6 Ocak 2014 Pazartesi

Doların yükselişi 2.50 seviyesine kadar gider mi?

Dolar yılbaşı öncesinde 2 TL seviyesini geçti, bir daha da inmedi. Hatta yükselişine devam ederek piyasa uzmanlarının "kritik seviye" dediği 2.20'lere kadar yükselişine devam etti. Durum böyle olunca dolar borcu olanı da, olmayanı da "Acaba 2.50 seviyesine gider mi?" endişesi sardı. Doların daha da yükselmesi halinde artık ithal ürün alamayacağını düşünen tüketiciler de endişeli bekleyiş içine girdi.

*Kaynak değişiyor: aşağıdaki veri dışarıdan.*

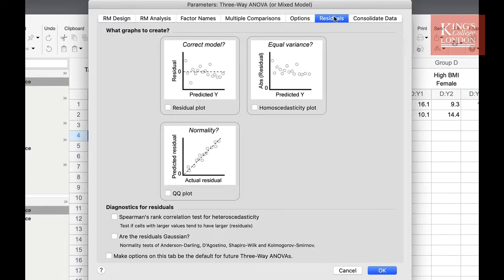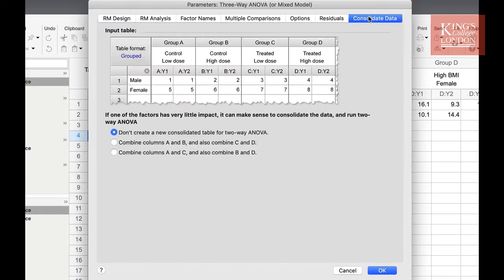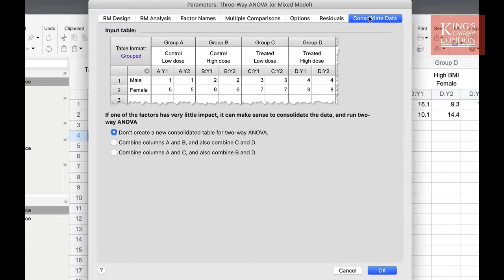In the consolidate data tab, you can choose whether you combine A and B and C and D, or combine A and C and B and D for further sub-analysis. For instance, after I have carried out this analysis, I might want to look simply at the control versus treated.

Finans uzmanlarına göre önümüzdeki kısa vadede doların 2.20 seviyesini kolayca aşarak 2.40 TL, hatta 2.50 TL'ye kadar yükselmesi olasılık dahilinde... Uzmanlar teknik olarak bunun mümkün olduğunu, yurt dışından kısa vadeli portföy yatırımı (sıcak para) gelmediği sürece doların yükselişinin kaçınılmaz olduğu görüşünde birleşiyorlar. Finansçılar arasındaki genel eğilim, doların bir daha 1.90'lara inmesinin mümkün olmadığı, kimsenin böyle bir beklenti içinde olmaması gerektiği yönünde...

Piyasa uzmanlarına göre, 2014 yılı doların yılı olacak. Bunun birçok sebebi var. Kısaca FED olarak bilinen Amerikan Merkez Bankası'nın tahvil alımlarını azaltmaya başlaması, doların Türkiye'deki yükselişinin en temel sebebi... FED'in tahvil alımlarını azaltması, aralarında Türkiye'nin de bulunduğu Güney Afrika, Brezilya, Hindistan, Çek Cumhuriyeti gibi gelişmekte olan piyasalara daha az döviz girmesi anlamına geliyor. Az döviz girince dolar fiyatı kaçınıllmaz olarak yükseliyor. Buna bir de 17 Aralık tarihinden itibaren yurtiçindeki siyasi belirsizliklerin eklenmesi, doların yükselişine ivme kazandırdı. Belirsizlik ortadan kalkmadığı sürece doların 2.40 TL, 2.50 TL gibi tarihi rekor seviyelerine tırmanmasına neredeyse kesin gözüyle bakılıyor.

Finans uzmanları Türkiye'de doların önümüzdeki süreçte daha ne kadar değerleneceğini tartışırken 30 Mart tarihinde yapılacak yerel seçim sürecini de hesaba katıyorlar. Seçime yaklaştıkça yurtiçindeki siyasi gündemin daha da sertleşeceği, yerel esçimlerden piyasaların beklemediği bir sonucun çıkması halinde dolardaki tırmanışın durmayacağı görüşünü paylaşıyorlar. Çünkü erken esçimde piyasaların istemediği bir sonuç çıkarsa kısa vadede genel seçim gündeme gelecek.

Finans uzmanları, dolardaki yükselişi durdurmaya çalışan Merkez Bankası'nın şu anda yapabileeği fazla birşey olmadığını düşünüyorlar. Uzmanlara göre sürekli müdahale yerine faiz koridorunun üst bandındaki faizin radikal bir şekilde artırılması gerekiyor. 25 - 30 baz puan gibi küçük adımların yeterli olmayacağı, en az 200 baz puanlık faiz artırımı yapılması gerektiği düşüncesi hakim...

Borsada 66 binli seviyelerin önemli olduğuna dikkat çeken piyasa uzmanları, siyasi gündemi yatıştıracak açıklamalar gelmedikçe 58 binli seviyelerin görülebileceğini kaydediyorlar. Yatırımcıların bu dönemde nakitte kalarak fırsatlara bakmasını öneren uzmanlar, gelişmelere göre borsada kademeli alış yapılabileceğini, ancak sektör ve hisse seçiminde dikkatli davranılması gerektiğini düşünüyorlar.

Türkiye, şu anda gelişmekte olan ülkeler içinde en kırılgan ülke konumunda bulunuyor. Siyasi belirsizlik nedeniyle borsada fiyatlar daha da ucuzlayabilir düşüncesi var. Makroekonomik kırılganlıklara (cari açık sorunu) son dönemde siyasi gündem de eklendi. Piyasaların normalleşebilmesi için yatırımcılara güven vermek gerektiği vurgulanıyor. Yatırımcıların portföyünde dövizin yanısıra bir miktar da altın bulunması gerektiğinin altı çiziliyor.